In the current state of flux that charcterises the politics that underpin our lives, it would be unsurprising if some of us were not a little down from time to time. It’s not just the politicians who can depress us though. When it comes to the Scottish economy it’s not hard to find portents of doom. This is being written in the week before the growth figures for the first quarter of the year are released, but if they are negative then Scotland will be officially in recession. By the time you read this you’ll know whether we’re in that dire state. If it happens, then you’ll know about it soon enough - and then stand by for the political blame-game!
The most recent Fraser of Allander Institute report is upfront in its assessment of the overall state of the economy, stating, “Whether or not Scotland formally enters recession when the next set of data are released is in the balance. We believe that the Scottish economy will still grow over the year as a whole (and more quickly than last year – my underlining) but further negative quarters of growth are highly possible.”

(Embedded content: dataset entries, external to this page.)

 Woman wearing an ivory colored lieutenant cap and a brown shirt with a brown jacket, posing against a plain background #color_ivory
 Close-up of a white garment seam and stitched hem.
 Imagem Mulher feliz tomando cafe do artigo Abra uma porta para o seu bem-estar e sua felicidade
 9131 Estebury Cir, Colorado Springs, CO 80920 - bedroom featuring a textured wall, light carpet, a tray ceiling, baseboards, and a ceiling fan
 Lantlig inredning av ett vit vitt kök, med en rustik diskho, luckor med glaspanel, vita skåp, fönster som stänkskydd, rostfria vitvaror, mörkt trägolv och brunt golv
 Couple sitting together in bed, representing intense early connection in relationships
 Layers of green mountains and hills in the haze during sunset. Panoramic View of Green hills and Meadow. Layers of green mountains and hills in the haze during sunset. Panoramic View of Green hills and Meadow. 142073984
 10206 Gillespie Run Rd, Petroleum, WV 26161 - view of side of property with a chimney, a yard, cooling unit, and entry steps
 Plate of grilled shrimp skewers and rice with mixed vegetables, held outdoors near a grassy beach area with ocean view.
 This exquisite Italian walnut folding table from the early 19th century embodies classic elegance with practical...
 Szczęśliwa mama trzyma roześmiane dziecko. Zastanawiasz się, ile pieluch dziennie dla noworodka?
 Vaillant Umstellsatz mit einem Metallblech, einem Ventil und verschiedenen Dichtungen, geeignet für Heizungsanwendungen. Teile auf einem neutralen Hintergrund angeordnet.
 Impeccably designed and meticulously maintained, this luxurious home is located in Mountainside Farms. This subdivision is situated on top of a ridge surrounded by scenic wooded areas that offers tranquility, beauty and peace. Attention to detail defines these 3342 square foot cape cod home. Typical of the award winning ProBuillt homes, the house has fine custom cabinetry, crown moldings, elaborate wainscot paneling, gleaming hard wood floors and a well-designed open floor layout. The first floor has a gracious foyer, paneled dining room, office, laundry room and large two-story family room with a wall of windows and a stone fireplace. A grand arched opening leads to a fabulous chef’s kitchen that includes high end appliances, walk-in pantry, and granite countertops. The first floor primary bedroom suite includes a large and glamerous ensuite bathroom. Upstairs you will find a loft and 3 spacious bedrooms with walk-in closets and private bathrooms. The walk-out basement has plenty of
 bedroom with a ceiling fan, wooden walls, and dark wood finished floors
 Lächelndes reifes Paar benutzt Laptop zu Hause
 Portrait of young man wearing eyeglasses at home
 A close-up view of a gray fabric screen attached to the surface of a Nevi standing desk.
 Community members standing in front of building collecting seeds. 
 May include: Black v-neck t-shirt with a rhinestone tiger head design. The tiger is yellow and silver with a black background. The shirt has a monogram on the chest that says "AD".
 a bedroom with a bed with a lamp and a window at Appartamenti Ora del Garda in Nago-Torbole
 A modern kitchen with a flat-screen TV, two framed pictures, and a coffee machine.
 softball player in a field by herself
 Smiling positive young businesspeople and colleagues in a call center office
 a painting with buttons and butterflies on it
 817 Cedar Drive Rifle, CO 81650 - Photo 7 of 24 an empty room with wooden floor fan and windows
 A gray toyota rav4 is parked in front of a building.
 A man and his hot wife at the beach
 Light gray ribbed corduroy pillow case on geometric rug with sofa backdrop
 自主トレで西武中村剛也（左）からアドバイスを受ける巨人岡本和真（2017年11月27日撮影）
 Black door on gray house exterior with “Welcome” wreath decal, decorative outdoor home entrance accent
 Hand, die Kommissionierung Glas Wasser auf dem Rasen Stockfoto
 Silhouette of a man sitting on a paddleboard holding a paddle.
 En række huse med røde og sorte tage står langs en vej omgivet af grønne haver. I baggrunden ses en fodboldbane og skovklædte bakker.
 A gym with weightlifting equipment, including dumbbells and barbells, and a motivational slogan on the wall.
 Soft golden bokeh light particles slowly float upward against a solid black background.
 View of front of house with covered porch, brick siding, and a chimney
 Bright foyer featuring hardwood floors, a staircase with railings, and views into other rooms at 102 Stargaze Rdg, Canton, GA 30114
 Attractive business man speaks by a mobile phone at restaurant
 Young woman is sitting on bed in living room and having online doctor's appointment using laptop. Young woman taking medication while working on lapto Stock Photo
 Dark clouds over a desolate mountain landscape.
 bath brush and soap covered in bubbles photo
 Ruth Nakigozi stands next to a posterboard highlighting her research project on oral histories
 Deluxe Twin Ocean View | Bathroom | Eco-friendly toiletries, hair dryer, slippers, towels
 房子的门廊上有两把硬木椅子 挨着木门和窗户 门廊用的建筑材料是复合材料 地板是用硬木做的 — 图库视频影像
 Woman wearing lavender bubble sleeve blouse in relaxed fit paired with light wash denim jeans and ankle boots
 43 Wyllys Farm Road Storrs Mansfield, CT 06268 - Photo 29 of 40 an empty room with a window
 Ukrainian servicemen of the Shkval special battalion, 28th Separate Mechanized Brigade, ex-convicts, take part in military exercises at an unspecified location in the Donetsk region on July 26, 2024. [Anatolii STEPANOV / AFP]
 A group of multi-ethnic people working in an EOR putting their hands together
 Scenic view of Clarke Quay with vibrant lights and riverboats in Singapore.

The press, who love a “good” bad news story, have obviously latched on to this and used the FoA report to generate the sort of negative headlines that used to sell newspapers but now generate clicks.
It does drive me to despair at times. Irrespective of whether the Scottish economy is technically in recession or misses that unhappy accolade by a whisker, there is no doubt that the overall state of the economy is not brilliant, but that doesn’t mean that everything is terrible. The same FoA report that all the press have latched on to also stresses that, “the Scottish economy will pick-up in 2017.” To be fair, it then goes on… “although its central forecasts for growth of 1.2% in 2017, 1.4% in 2018 and 1.6% in 2019 are below trend with Scotland likely to continue to lag behind the UK as a whole.”
However, tucked away in the dire warnings there is some more encouraging stuff. There are some sectors that are doing quite well – notably financial and business services and also (helped by the weak pound) drink, tourism and food. These are expected to help us steer a path in the more upwardly direction envisaged by the FoA Institute for the next few years. In addition, unemployment is at a record low and in our own area of expertise, Construction and Property, the Markit reports from across the recruitment industry show that we’re still very much in positive territory, although the CITB does acknowledge that over the next five years we’re likely to see a slight overall decline in construction activity in Scotland, largely as a result of a decrease in the number of infrastructure projects, although these will be offset by growth in other areas.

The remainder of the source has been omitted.